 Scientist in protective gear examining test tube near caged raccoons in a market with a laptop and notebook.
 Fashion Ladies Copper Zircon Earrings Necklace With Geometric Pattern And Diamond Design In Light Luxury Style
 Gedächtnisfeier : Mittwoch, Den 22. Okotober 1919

***

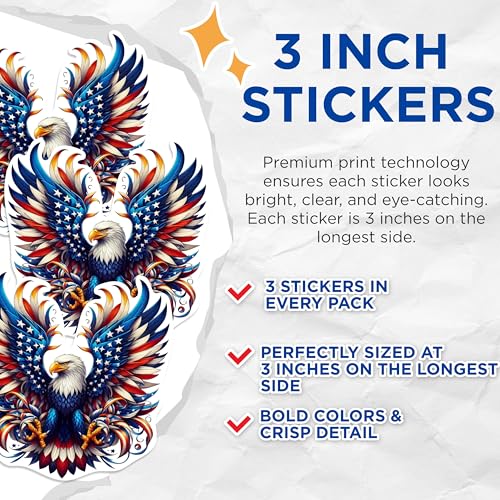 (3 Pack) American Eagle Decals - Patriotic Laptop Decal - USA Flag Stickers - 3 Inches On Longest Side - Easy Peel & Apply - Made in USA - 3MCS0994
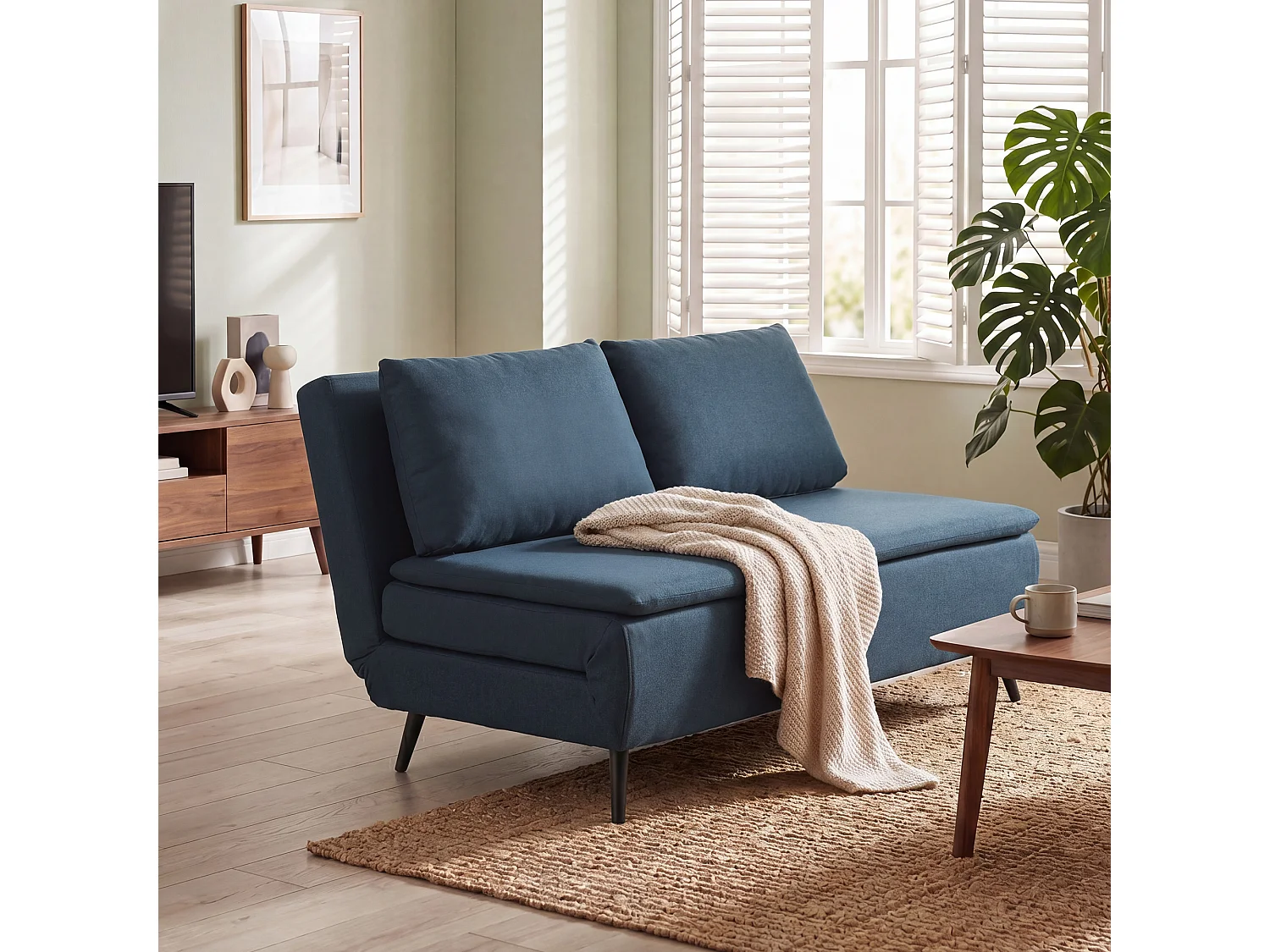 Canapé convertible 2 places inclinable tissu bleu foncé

***

- **About this task**
Output exactly the lines above, from the line with "(3 Pack) American" to the line with "Canapé convertible 2", both included; skip the pictures.

- **Answer box**
 (3 Pack) American Eagle Decals - Patriotic Laptop Decal - USA Flag Stickers - 3 Inches On Longest Side - Easy Peel & Apply - Made in USA - 3MCS0994
 Canapé convertible 2 places inclinable tissu bleu foncé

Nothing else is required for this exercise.